A Hundred Thousand Welcomes
Late November along the Wild Atlantic Way. My husband is relaxed behind the wheel as we drive, as if he has always known these inverse roads. We only get lost once, when we follow the GPS instead of our instincts. On the radio, the news stations repeat the same five stories. There is only so much bad news.
We hike the rocky islands at Glassilaun Beach that snake into the water, grasping for the horizon like the tentacles of a dormant sea creature. Atop them, we can see for miles: gray sea against gray sky. The wind whips our coats and bites our ears, but there is still further to climb. Why stop when we are walking on water?
In Connemara, the sunlight spins the grass into gold and turns the bogs into mirrors. Nice days are not so seldom as everyone thinks. In the evenings, we return south to stay in Costelloe, in the shadow of the fishing lodge once built for the owner of the Titanic. The nights are dipped in ink, a heavy, irrefutable dark that thumbs our eyelids down into an early sleep. We welcome it, this deep kind of rest that comes from knowing there is nowhere else to be.
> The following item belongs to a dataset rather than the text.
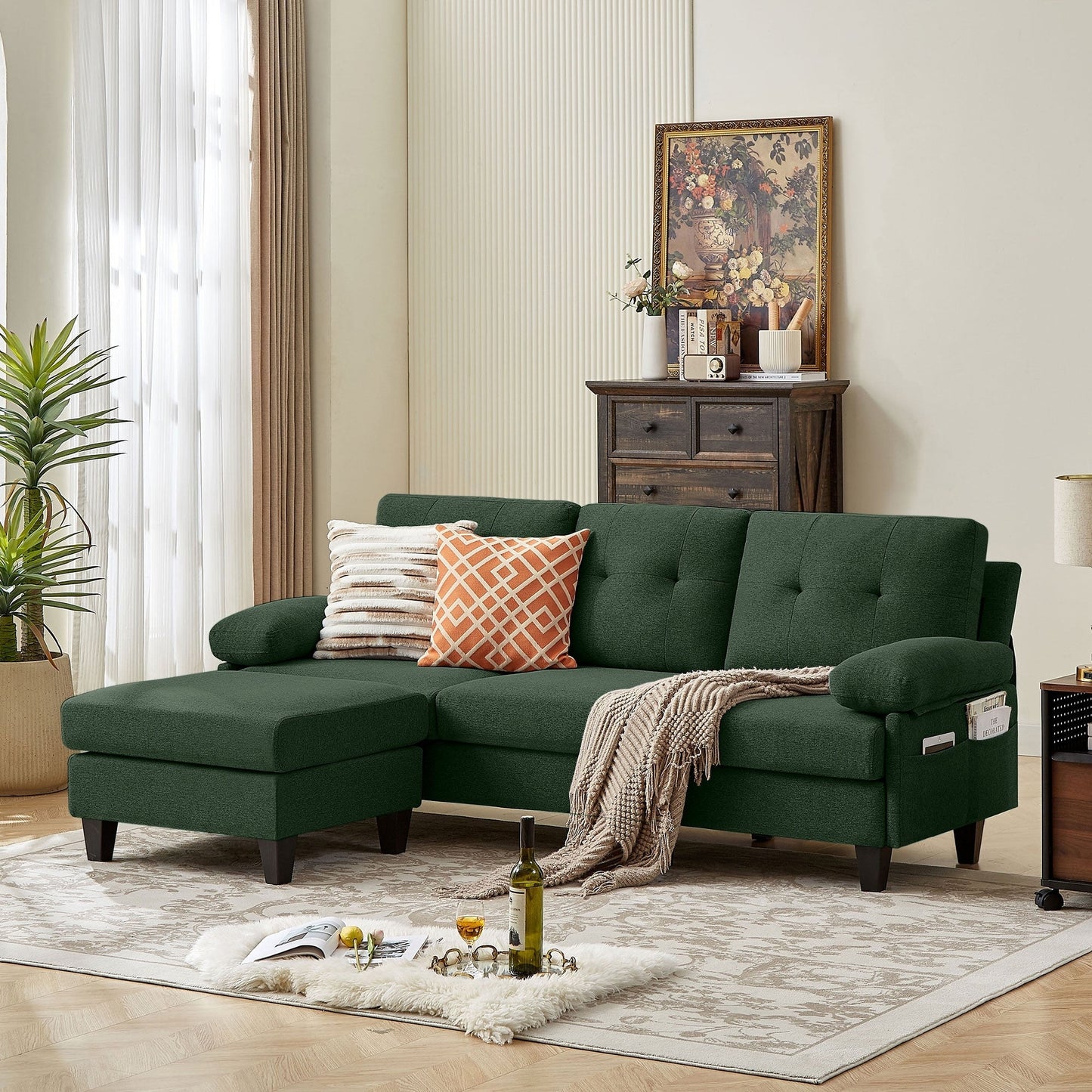 86.22 L Shaped Sectional Sofa with Side Storage Pockets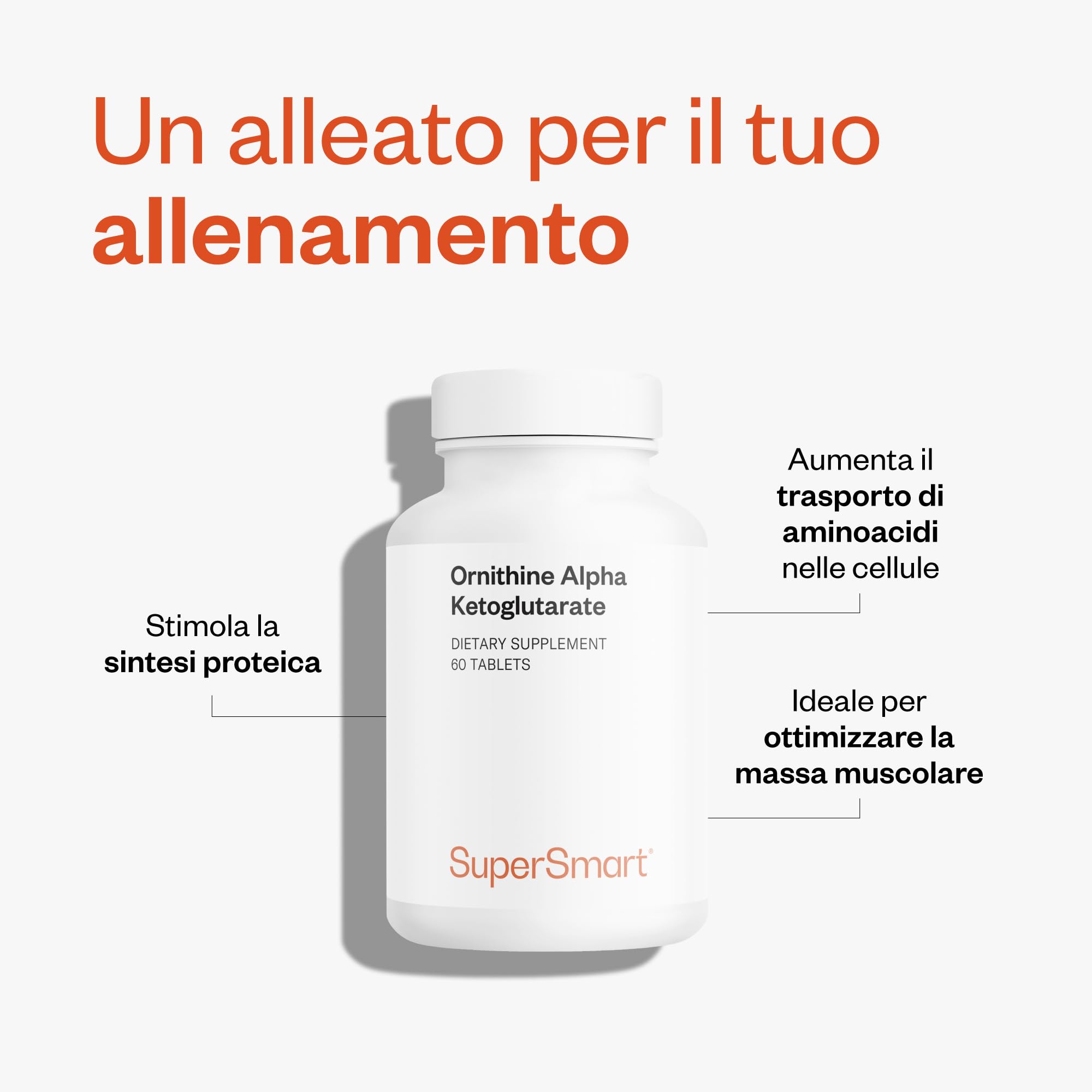 Ornitina alfa chetoglutarato (OKG) - Aumenta la produzione degli ormoni della crescita - Contribuisce alla sintesi proteica e all'aumento della massa muscolare - Vegano - SuperSmart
My great great grandfather was one of sixteen children born to Irish parents, but one of the few to come to the States. When we linger in county Sligo, where his surname originated, I wonder if I am in the presence of any distant relatives. I recognize myself in the point of people's noses and the roundness of their faces. It all feels so familiar, this place I hardly know. In the vastness, I think there might be room for me, as well. In the stillness, I wish I could belong.